## RECORDS PROVIDED
▬▬▬

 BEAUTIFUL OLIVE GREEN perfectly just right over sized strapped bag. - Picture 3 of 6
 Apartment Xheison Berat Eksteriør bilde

▬▬▬

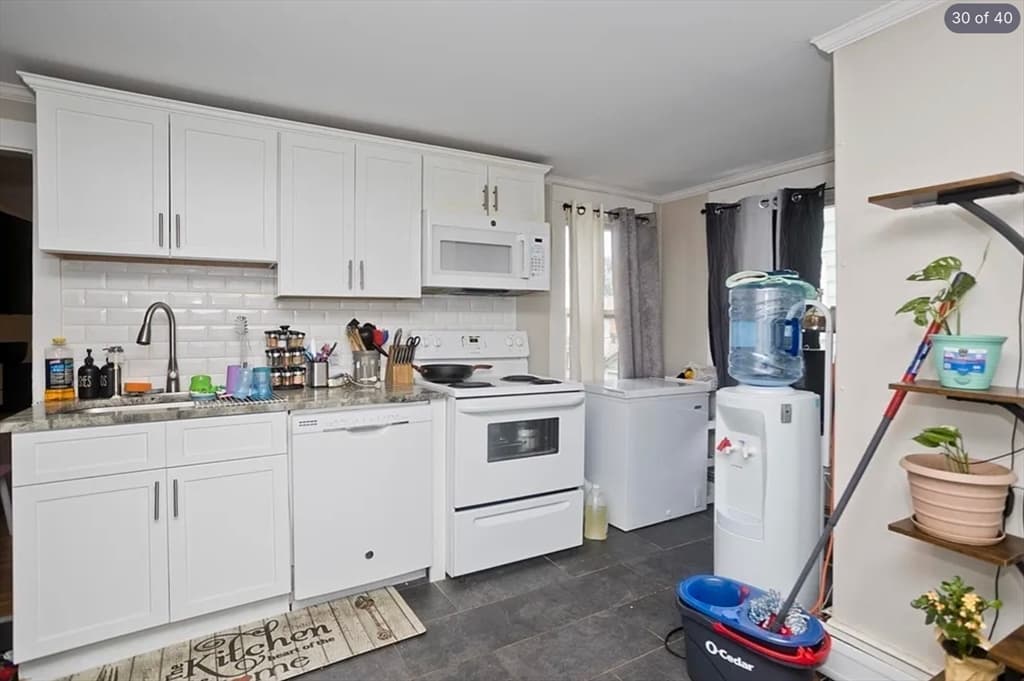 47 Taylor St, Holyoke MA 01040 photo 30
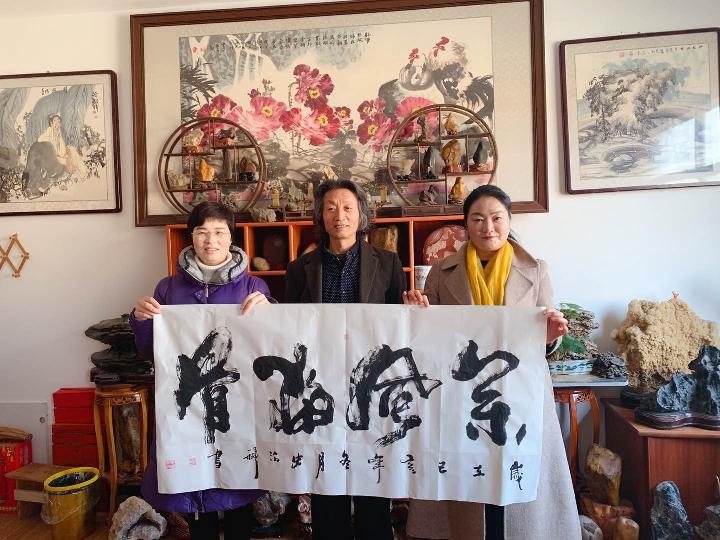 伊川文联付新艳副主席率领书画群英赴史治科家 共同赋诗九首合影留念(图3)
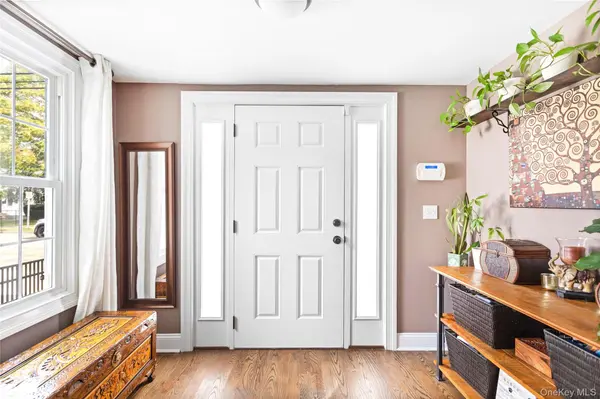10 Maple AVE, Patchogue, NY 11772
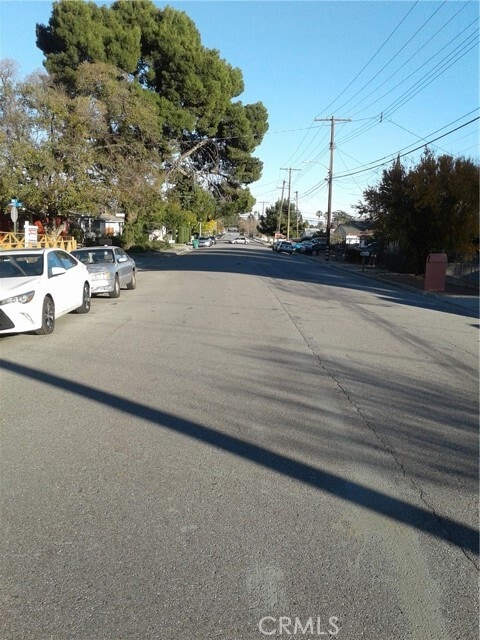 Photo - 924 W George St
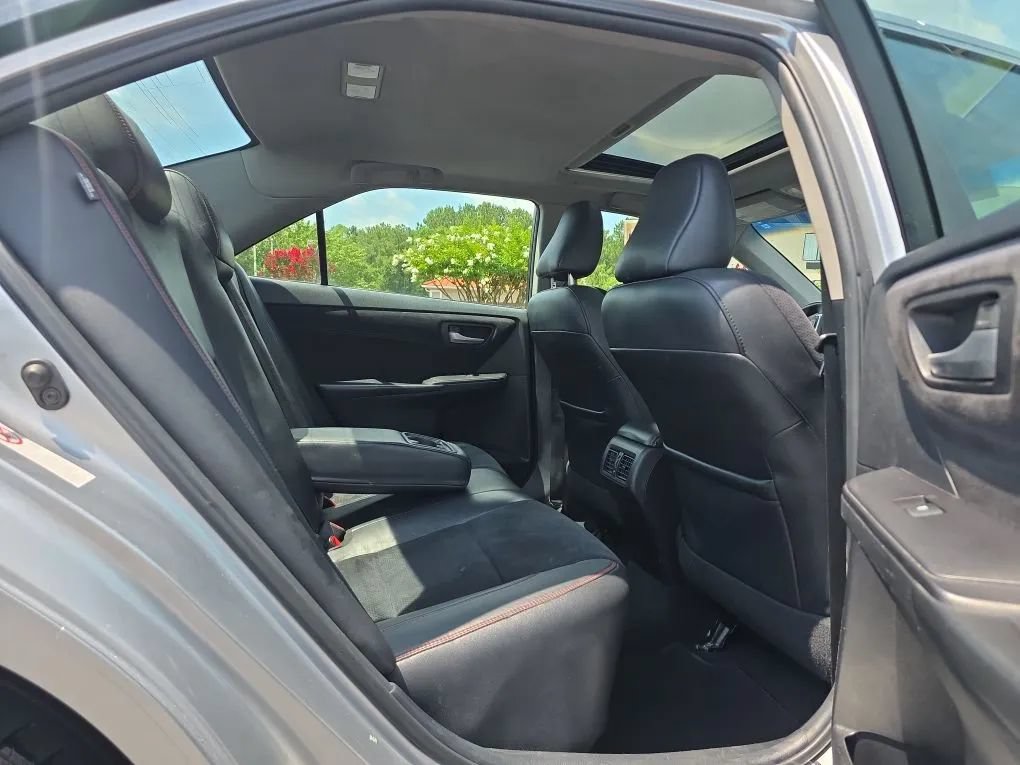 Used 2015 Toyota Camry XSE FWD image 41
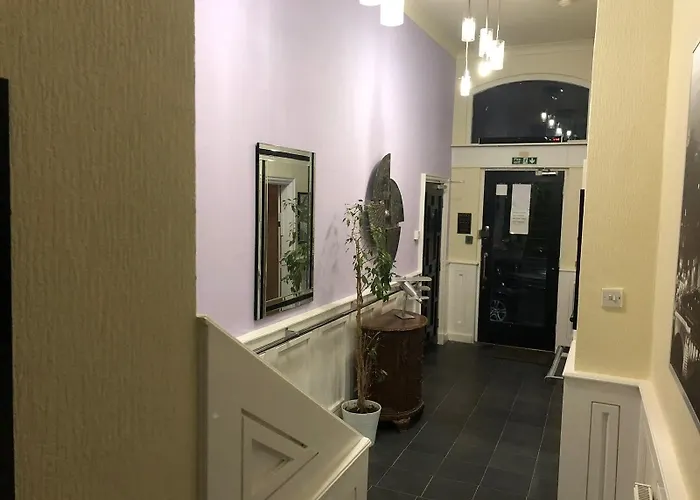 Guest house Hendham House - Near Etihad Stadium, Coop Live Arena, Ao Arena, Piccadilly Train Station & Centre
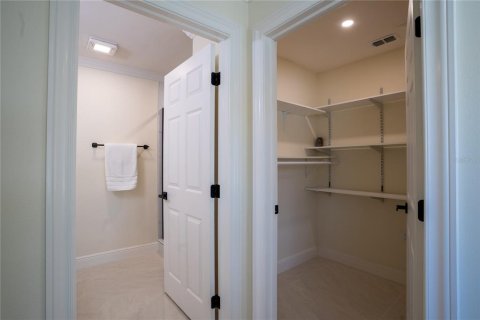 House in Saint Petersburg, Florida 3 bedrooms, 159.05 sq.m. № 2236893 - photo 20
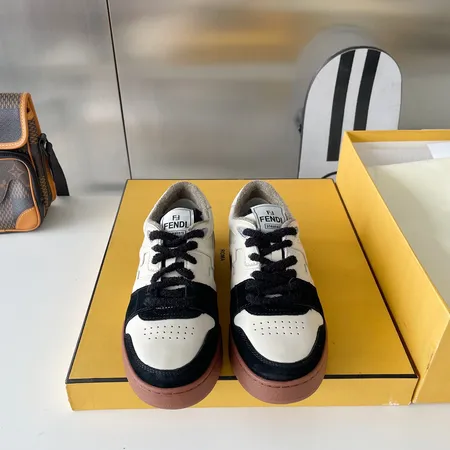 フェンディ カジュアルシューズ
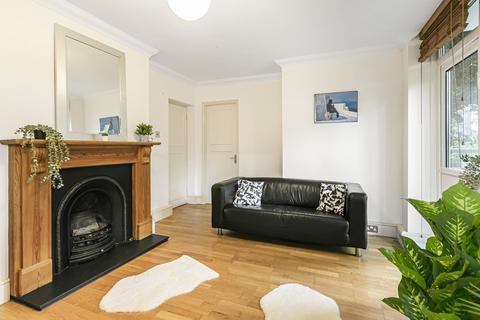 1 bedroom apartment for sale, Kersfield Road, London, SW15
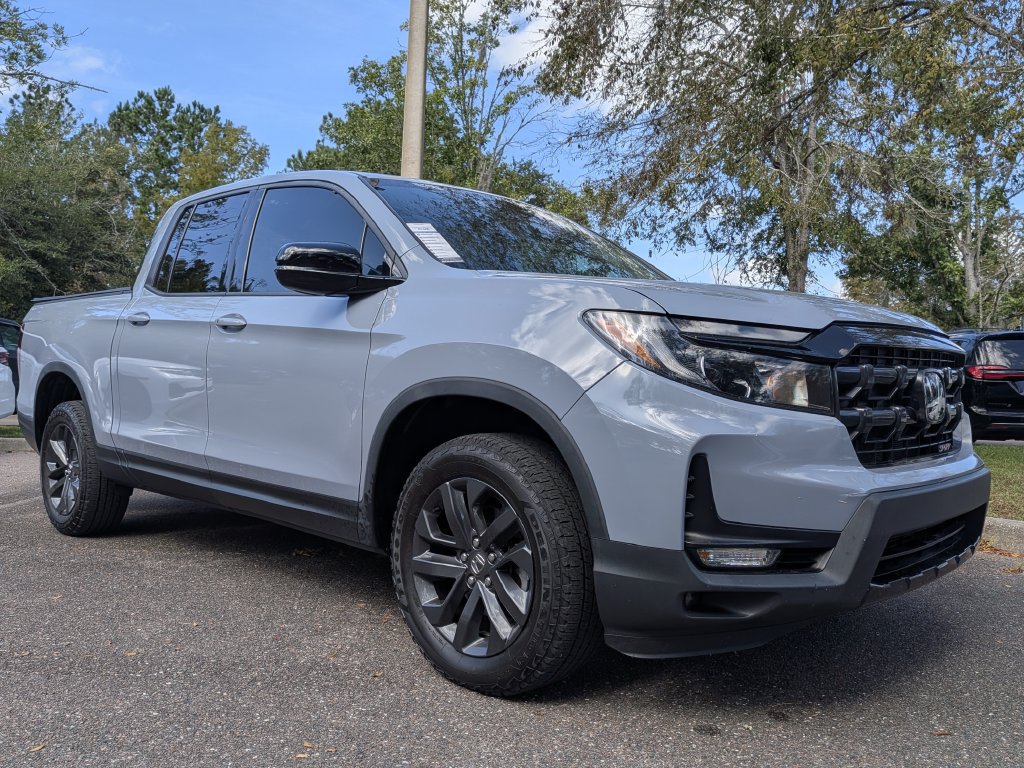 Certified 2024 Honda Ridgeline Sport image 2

▬▬▬

## DIRECTIONS
Look above for the line with "10 Maple AVE, Patchogue, NY 11772" and the line with "Certified 2024 Honda Ridgeline Sport image 2", then restate exactly those two lines and all lines between them, with no pictures.

## PROBLEM SOLUTION
10 Maple AVE, Patchogue, NY 11772
 Photo - 924 W George St
 Used 2015 Toyota Camry XSE FWD image 41
 Guest house Hendham House - Near Etihad Stadium, Coop Live Arena, Ao Arena, Piccadilly Train Station & Centre
 House in Saint Petersburg, Florida 3 bedrooms, 159.05 sq.m. № 2236893 - photo 20
 フェンディ カジュアルシューズ
 1 bedroom apartment for sale, Kersfield Road, London, SW15
 Certified 2024 Honda Ridgeline Sport image 2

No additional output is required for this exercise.